Materials provided:
*** Begin section ***

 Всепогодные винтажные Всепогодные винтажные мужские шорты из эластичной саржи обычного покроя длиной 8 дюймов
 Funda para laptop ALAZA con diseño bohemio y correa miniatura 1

*** End section ***
*** Begin section ***

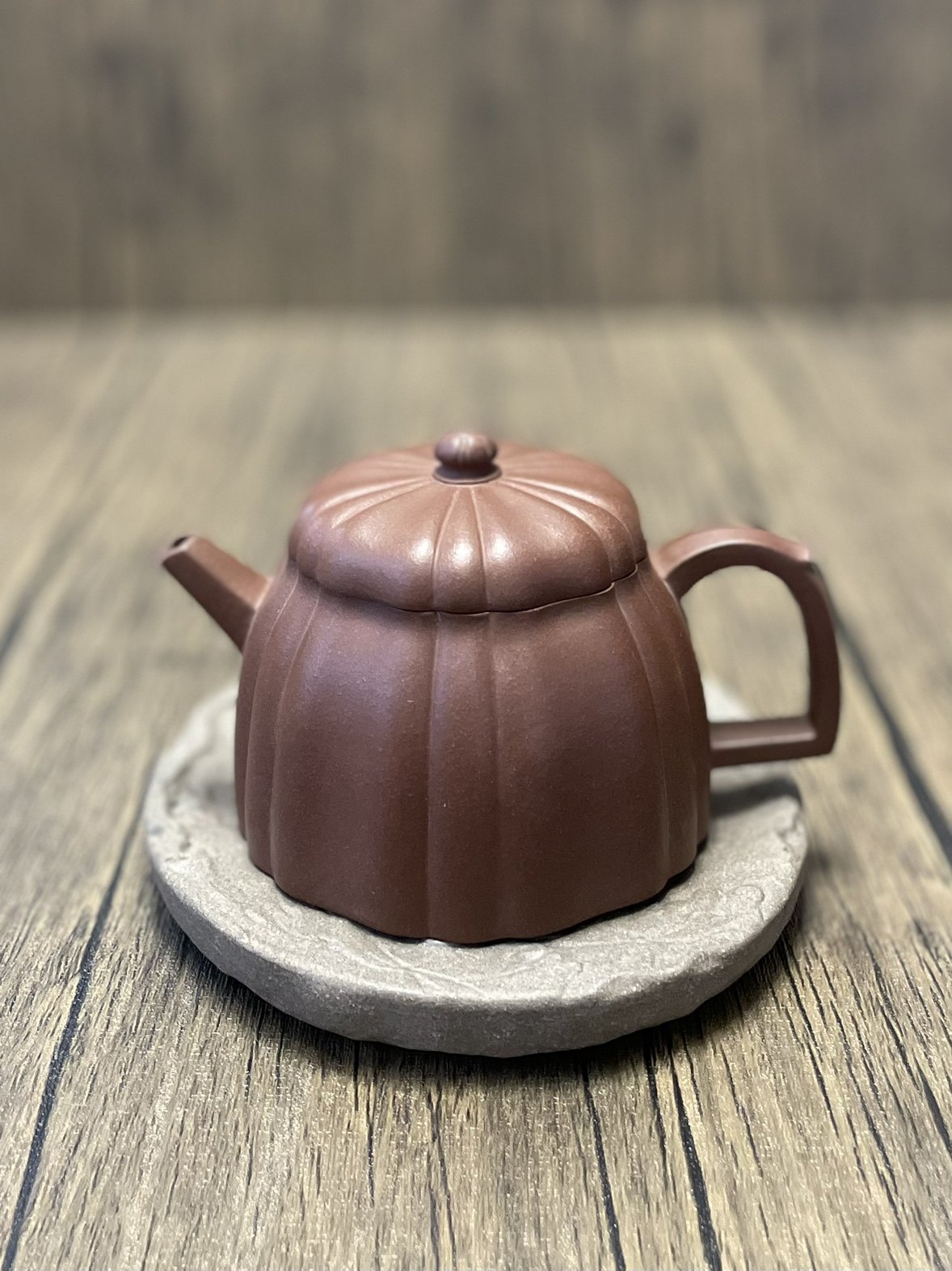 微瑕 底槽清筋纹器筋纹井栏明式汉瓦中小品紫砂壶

*** End section ***
*** Begin section ***

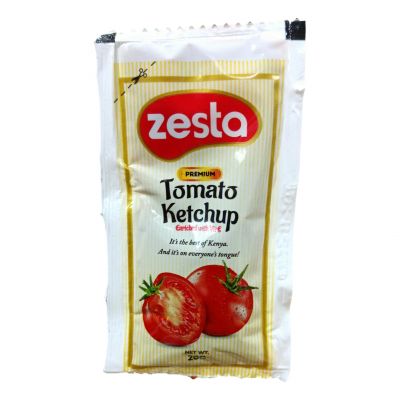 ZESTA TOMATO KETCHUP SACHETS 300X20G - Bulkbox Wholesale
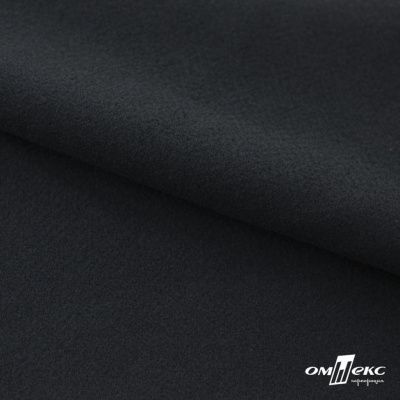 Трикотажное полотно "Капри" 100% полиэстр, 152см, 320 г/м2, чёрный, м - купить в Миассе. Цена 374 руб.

*** End section ***

Problem to work on: Copy the stretch of the records above that runs from the line with "Всепогодные винтажные Всепогодные" through the line with "Funda para laptop". Both end lines belong in the copy, and nothing else does.

Solution to the exercise:
 Всепогодные винтажные Всепогодные винтажные мужские шорты из эластичной саржи обычного покроя длиной 8 дюймов
 Funda para laptop ALAZA con diseño bohemio y correa miniatura 1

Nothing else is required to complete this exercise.